Industrial Production Gains in Europe:  Can That Pattern Be Sustained?
by Carol Stone September 7, 2005

Industrial production in Europe appears to be holding up well, according to data for four countries reported today for July. Month-to-month movements are a bit erratic, but trends are distinctly upward, nonetheless.

As Louise Curley explained here yesterday, Germany's manufacturing sector is growing, at least for the present. Her commentary on factory sales data cited their 3.8% gain in July. The production behind those sales was up 1.3%, with total industrial output (excluding construction) up 1.1%. This was the second marked increase in a row after a sluggish performance in the winter and spring. The July gains were widespread across individual industries, with only petroleum refining, machinery and electrical equipment experiencing declines; that in machinery followed spike in June.

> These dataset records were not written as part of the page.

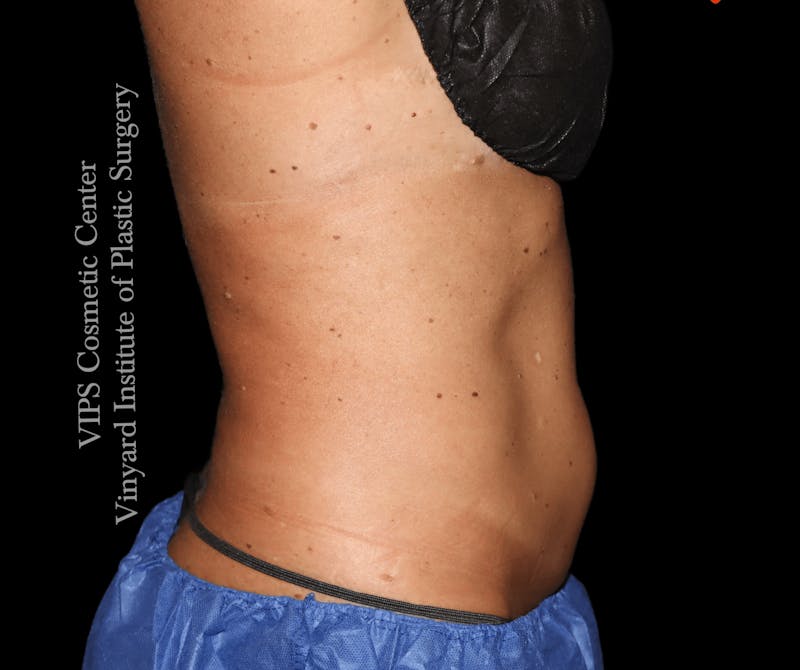 Coolsculpting ELITE Before & After Gallery - Patient 962645 - Image 3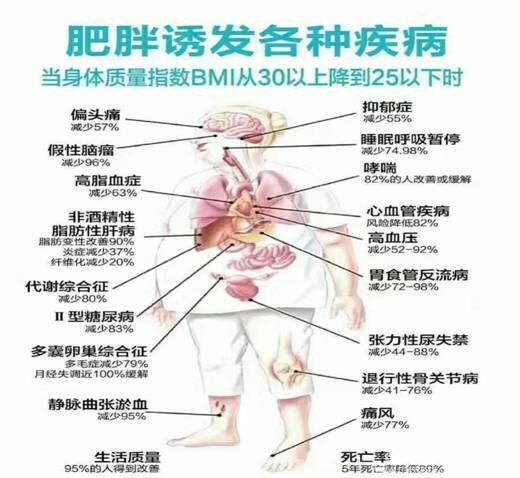 肥胖引起的糖尿病减肥后能治愈吗,肥胖减重手术知识问答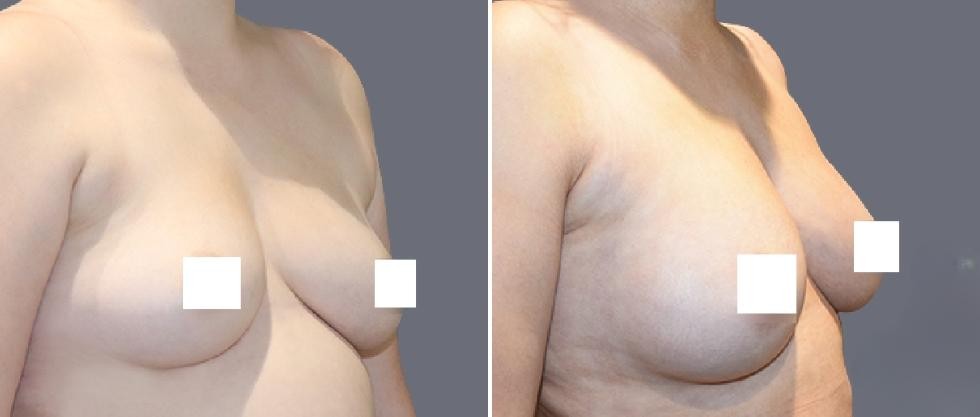 Breast Fat Transfer Pre2024 004 Before And After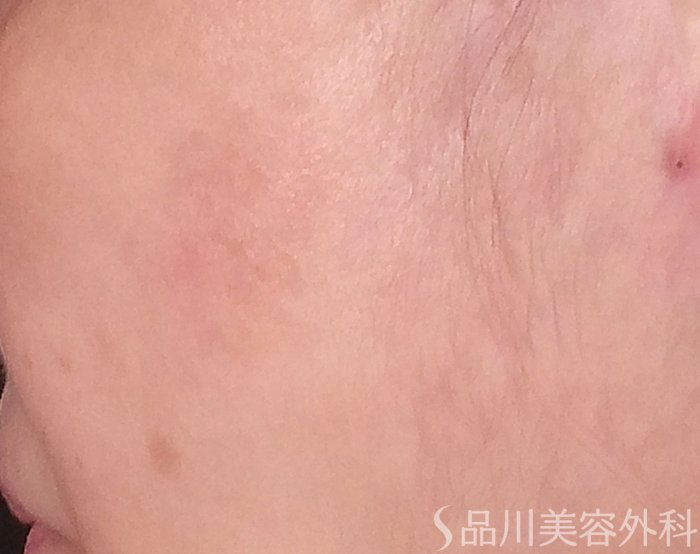 症例NO.70321のAFTER写真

In Norway, total industrial production was up 1.1% in July after a drop of 6.2% in June. Oil and gas extraction dominates Norwegian industry; that sector rose after two sharp declines, and has been on an extended downtrend. By contrast, Norway's factories saw a small downtick in July, but prior increases have pushed their year-on-year performance to 4.0% growth, a pick-up after a small increase in 2004 and annual declines running all the way back through 1999.

In Hungary and Slovakia, modest increases in July followed declines in June, but year-on-year gains are substantial, at 5.8% and 4.7%, respectively. These countries' industrial sectors have been expanding vigorously for at least the last four years, and the gains in Hungary for one version of its index go back to 1993.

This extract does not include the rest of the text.